# Wine regions near Amsterdam, Paris, and western and South East Germany



## seth8530 (May 23, 2010)

Well, my summer trip is here and Me, my mom, my bro, and moms bf are all going to europe. We are flying into Frankfurt and that will be our home base because we can room for free there. So we are gona be going to amsterdam for a couple days, then we are going to explore Paris and some other places there.. Before we go back to Germany where we will do some more exploring before we fly back to the states... 

We are going their for 11 days and i was wondering if any of yall had any expiernce in europe whether it be with the fine wine's of France or the Beer's in Germany.

Isnt Reisling wine from germany?


----------



## jeepingchick (May 23, 2010)

enjoy!! Sounds like a great time!


----------



## St Allie (May 24, 2010)

Amsterdam is my favourite spot to visit.

The museums are wonderful, so is the shopping, the open markets enjoyable, bonus is watching the Brits make idiots of themselves.. ( ok maybe that's just me!) you can walk everywhere and less mugging in the central district, plenty of security around.

Not keen on Paris.. the locals are rude and the wine is awful, go for the museum, notre dame and the eiffel tower, if you want to say you have been. ( I have great pics from inside a french mall.. a man with his head in his hands while his wife was shoe shopping...quelle despaire!) lots of theft happening.

The museum can't be done in a day though.

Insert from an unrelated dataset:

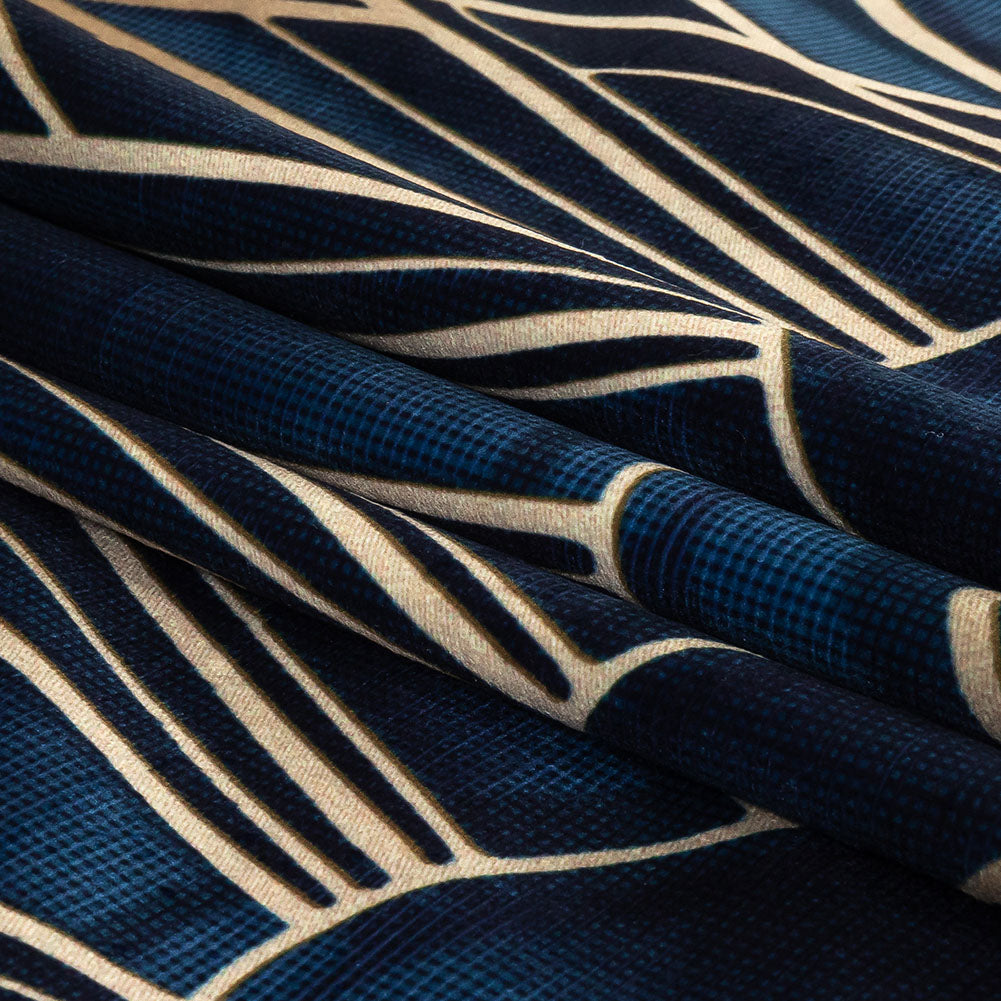Printed Microvelvet - Sapphire Labyrinth of Arches - British Imported Folded Printed Microvelvet - Sapphire Labyrinth of Arches - British Imported Folded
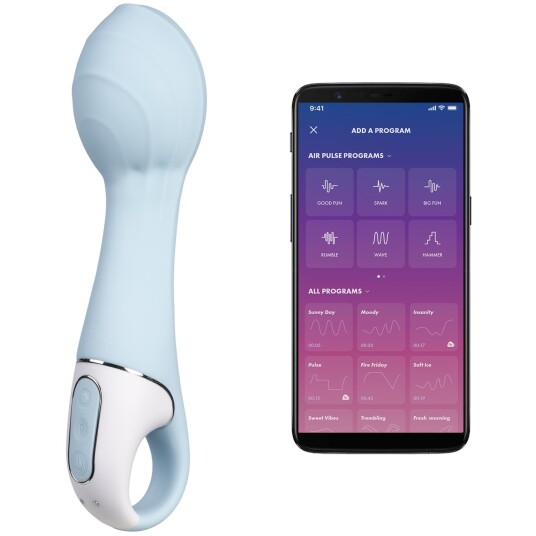 Satisfyer Air Pump 5 Connect App-kontrollert Vibrator - Blå Satisfyer Air Pump 5 Connect App-kontrollert Vibrator - Blå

You'll get fed up.. it's too big to see in one day. You won't appreciate all the paintings or statues. it's just far too much to absorb.

nothing to share with you about germany, have never been.

Allie


----------



## seth8530 (May 24, 2010)

I can understand the paris being a giant tourist trap theft magnent. Lol and are you seriouis about the wine being awfull lol? thats like brutualy ironic? When you went to amsterdam where there any breweries that were open to tour?


----------



## crazyx2 (May 24, 2010)

From what I remember my brother went to the Amstel Brewery (I was underage!) in Amsterdam. The diamond factory is pretty cool, if you like safe the inside of a diamond factory is definately so! haha I found Amsterdam fun for the first 2 days but by the third day I was ready to keep moving, their public transport system is top notch though!

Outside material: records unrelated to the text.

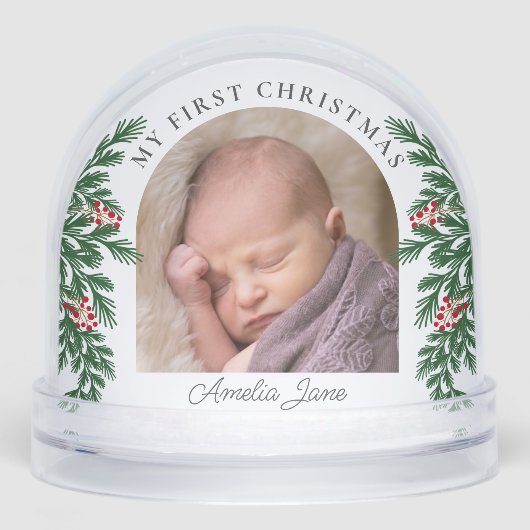 Elegant Script My First Christmas Photo Snow Globe (正面)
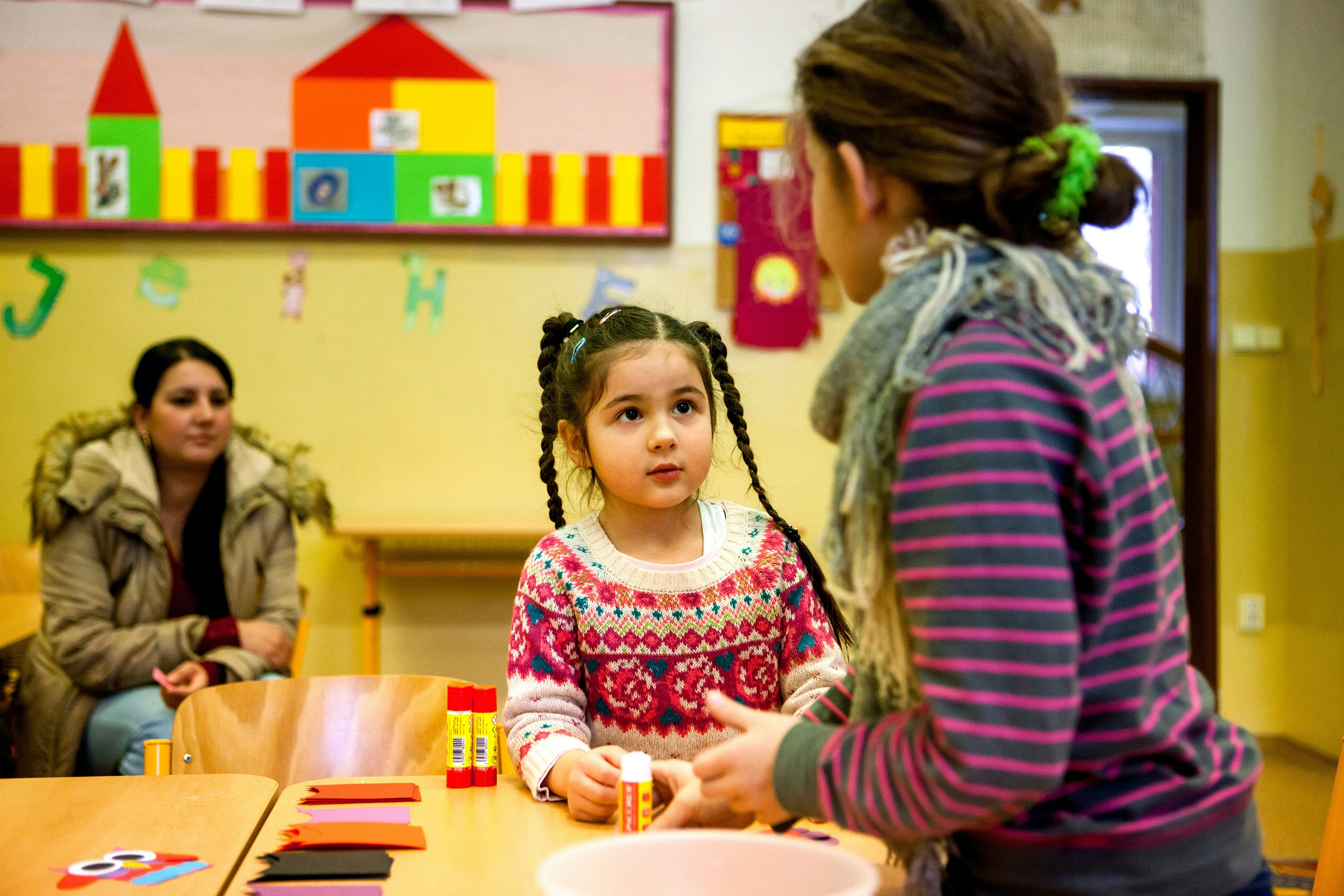 Students at a school table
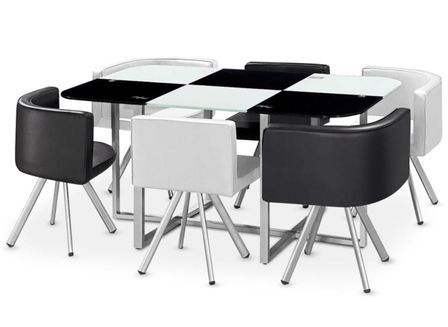 Table et 6 chaises verre noir et pieds métal chromé Mozza 2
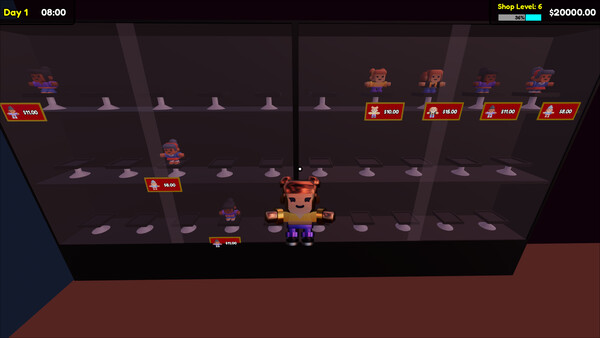 Screenshot of Bobble Shop Simulator gameplay showing in-action mechanics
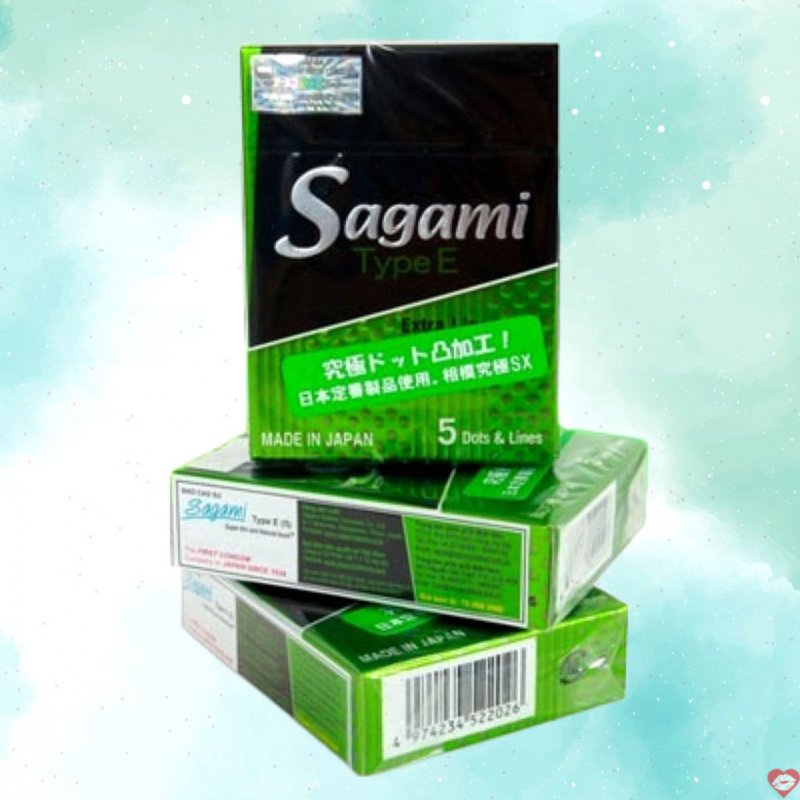 Bao cao su Sagami Type E siêu mỏng gai gân kéo dài 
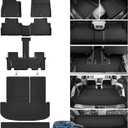 Powerty Floor Mats for 2020-2024 2025 Hyundai Palisade 7/8 Seat Car Mats, All Weather TPE Cargo Liner Backrest Mats Trunk Lower Car Mat Interior Protector Full Set for Palisade Accessories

If you get the chance go to Wurzburg, its about 1.5 hours out of Frankfurt. Its a smallish town with rolling hills filled with desert wines of some kind (this was before I started making wine so didnt take too much notice). But you can walk through the vines that lead up to the castle, eating the grapes as you go hehe. 

Yep Allies right, we got pick pocketed in the Paris underground on our first trip to europe, was a right pain in the ****. Had to travel to the Hague in Holland and pay $1000 NZD for each passport, definately not a thing to recommend. But apart from that, Paris has so much to see. You get the rude people, but thats just the French. If you give their language a go they seem to be more reluctant to try yours. But you come off ignorant they will definately be reciprical lol. 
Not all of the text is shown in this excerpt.